▶ Work request:
Copy exactly the stretch of data below from the line with "For 2018, you" through the line with "Then check settings.", including both of those lines.

Dataset entries
↓↓↓

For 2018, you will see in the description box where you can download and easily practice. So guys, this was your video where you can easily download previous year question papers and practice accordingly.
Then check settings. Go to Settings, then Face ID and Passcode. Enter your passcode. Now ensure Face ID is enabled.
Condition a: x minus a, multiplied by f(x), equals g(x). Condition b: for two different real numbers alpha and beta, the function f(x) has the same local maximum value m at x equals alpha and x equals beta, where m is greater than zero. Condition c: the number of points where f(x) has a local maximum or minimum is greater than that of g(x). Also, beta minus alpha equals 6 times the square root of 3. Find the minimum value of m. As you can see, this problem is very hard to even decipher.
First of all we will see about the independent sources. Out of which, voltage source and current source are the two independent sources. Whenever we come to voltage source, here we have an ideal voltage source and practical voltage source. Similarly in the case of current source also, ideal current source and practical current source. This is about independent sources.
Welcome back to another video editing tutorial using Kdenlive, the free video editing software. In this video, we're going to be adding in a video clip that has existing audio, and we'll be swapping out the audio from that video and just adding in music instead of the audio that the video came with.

↑↑↑
↓↓↓

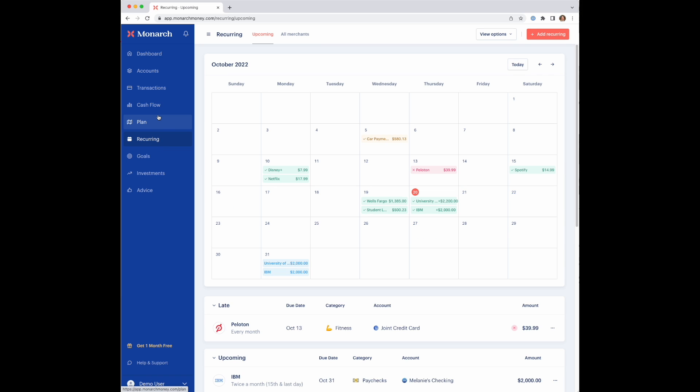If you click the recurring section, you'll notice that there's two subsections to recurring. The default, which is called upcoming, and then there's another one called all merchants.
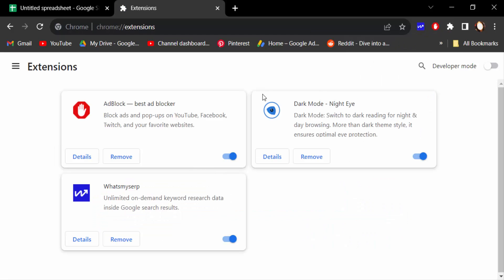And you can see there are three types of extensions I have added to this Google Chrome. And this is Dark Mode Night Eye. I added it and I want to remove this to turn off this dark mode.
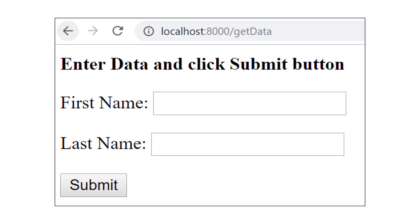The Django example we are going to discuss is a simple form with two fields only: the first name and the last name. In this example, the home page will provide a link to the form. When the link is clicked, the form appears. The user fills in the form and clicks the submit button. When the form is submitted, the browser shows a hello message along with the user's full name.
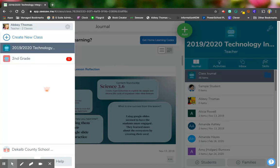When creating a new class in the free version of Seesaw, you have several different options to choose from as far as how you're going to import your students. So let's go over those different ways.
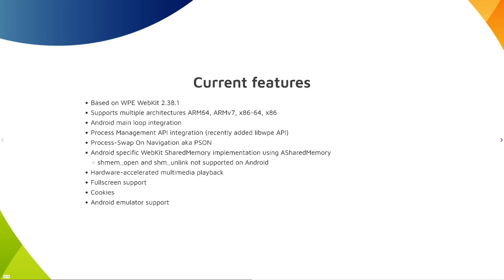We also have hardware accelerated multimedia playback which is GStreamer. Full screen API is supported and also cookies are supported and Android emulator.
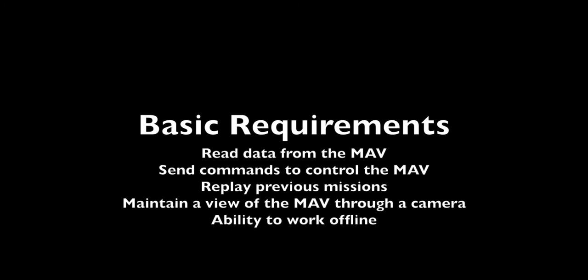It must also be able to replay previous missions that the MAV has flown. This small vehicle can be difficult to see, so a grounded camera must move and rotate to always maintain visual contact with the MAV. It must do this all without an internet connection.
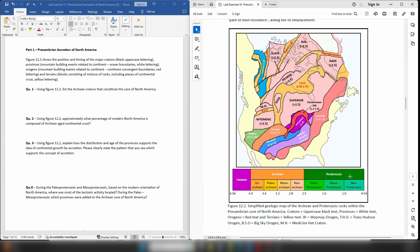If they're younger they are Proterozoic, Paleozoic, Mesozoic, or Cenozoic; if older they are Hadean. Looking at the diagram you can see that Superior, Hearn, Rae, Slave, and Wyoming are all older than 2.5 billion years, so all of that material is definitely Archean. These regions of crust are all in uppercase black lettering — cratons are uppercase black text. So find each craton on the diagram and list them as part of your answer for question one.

↑↑↑

▶ Response area:
For 2018, you will see in the description box where you can download and easily practice. So guys, this was your video where you can easily download previous year question papers and practice accordingly.
Then check settings. Go to Settings, then Face ID and Passcode. Enter your passcode. Now ensure Face ID is enabled.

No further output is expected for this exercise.